Monheim. Der Turm der katholischen Sankt Dionysius Kirche in Baumberg strahlt in der Nachmittagssonne. Auf dem Vorplatz gibt es nur Schatten im Schutz der Bäume. Dort steht Irmgard Heinen. Sie ist Sprecherin der kfd-Ortsgruppe Langenfeld-Immigrath für die Gemeinde St. Josef. Heinen wartet vor der Kirche auf weitere Freuen, die mit ihr am Rhein entlang zur Marienkapelle in Monheim spazieren. Die Katholische Frauengemeinschaft (kfd) unternimmt eine Wallfahrt. Zur Marienkapelle pilgert die Glaubensgruppe einmal im Jahr. Anita Prondzinsky ist wieder dabei, die 82-jährige Rentnerin läuft den anderthalbstündigen Weg mit, weil es ihr Kraft gibt, erzählt sie. "Außerdem ist es auch Gemeinschaftspflege", ergänzt Marlene Petry. Von Pascal Conrads

Mittlerweile ist ein ganzer Schwarm Frauen dazugekommen. Irmgard Heinen erläutert, eine Wallfahrt sei ein andächtiger Fußweg, der betend, singend und schweigend bewältigt wird. "Natürlich ist eine Wallfahrt auch ein Symbol für das zielführende Leben und soll uns mit Anstrengung Gott näher bringen. Die Marienkapelle ist seit 500 Jahren Wallfahrtsort", sagt sie.

Immer mehr Frauen finden sich ein. Derweil zieht Heinen rote Schals aus ihrer Tasche. Aufgedruckt ist das Symbol der kfd Deutschlands und die Worte ihrer Kampagne "Frauen. Macht. Zukunft."

Sie bindet sich den Schal um die Tasche und verteilt den Rest. Ein bisschen Werbung für die eigene Sache ist bitter nötig. Von den ursprünglich 600.000 Mitgliedern in der Bundesrepublik sind noch eine halbe Million geblieben.

Nachdem Diakon Sven Clouth eingetroffen ist, beginnt die Wallfahrt mit einem Lied. Vor der Kirche steht ein orangenes Fahrzeug der Kanalreinigung. Als die Gesänge beginnen, hören die Arbeiter auf. Der Diakon trägt einen Lautsprecher; Heinen hat das Mikrofon, sie leitet die Veranstaltung.

Alle singen. Abwechselnd lesen drei Frauen etwas vor, alle machen das Kreuzsymbol, dann beginnt der Fußmarsch. Insgesamt sind mit dem Diakon und Heinen 28 Leute versammelt. Letztes Jahr seien es mehr gewesen, erzählt Edith Meyer. Die hochgewachsene Frau kommt extra einmal im Jahr aus Erkrath nach Monheim. Ihr gefällt das Gemeinschaftliche sehr, als sie jünger war, wurde oft noch in den Feldern gebetet. Drei Stationen gibt es auf dem Weg, jedes Mal wird etwas gelesen und gesungen. Viele Fahrradfahrer streifen die Gruppe.

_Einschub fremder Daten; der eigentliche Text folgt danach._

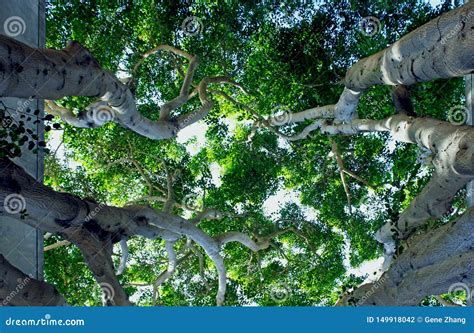 Moreton Bay Fig Tree Stock Photo Image Of Large Commonly 149918042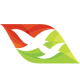 airline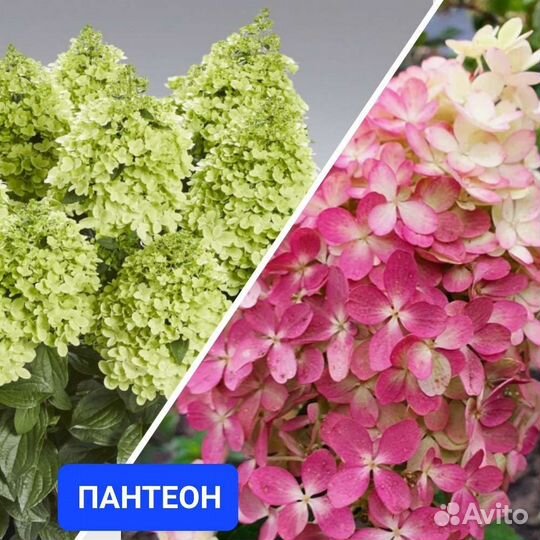 Гортензии новинки серия пан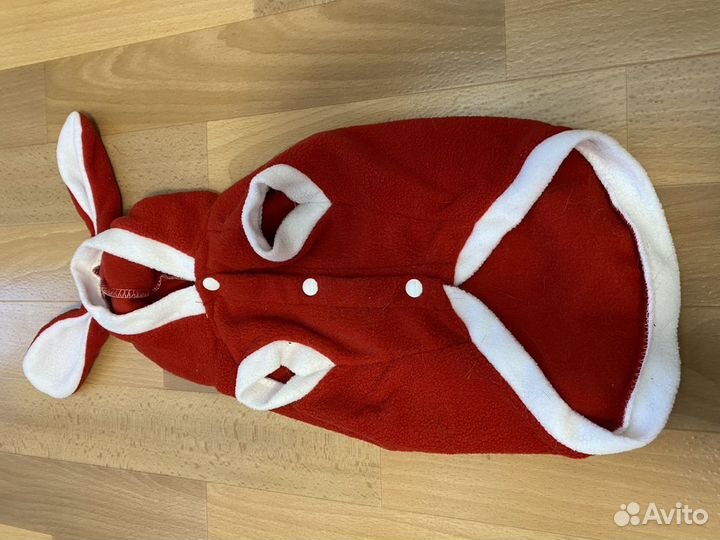 Одежда для кошек и собак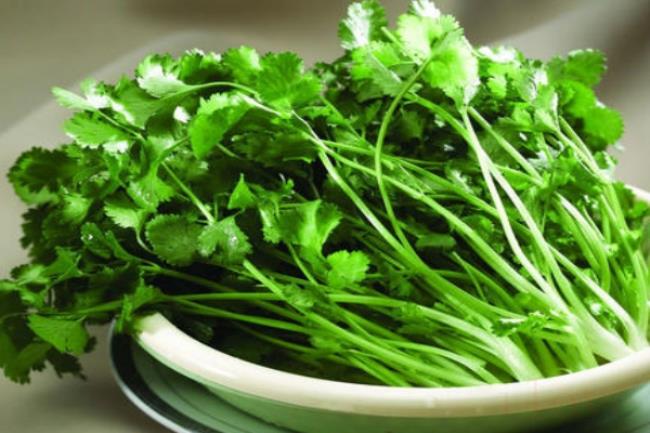 香草是什么植物（香草的相关介绍）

Die Frauen fühlen sich aber nicht gestört, auf einmal fängt ganz vorne eine kleine Gruppe an zu singen, bis die Gesänge nach hinten durchdringen, ist der letzte Haltepunkt, am Kielsgraben erreicht. Als die Marienkapelle in Sicht ist, hält eine den Straßenverkehr an. Jemand läutet die Glocken, das Ziel ist erreicht und der Gottesdienst beginnt.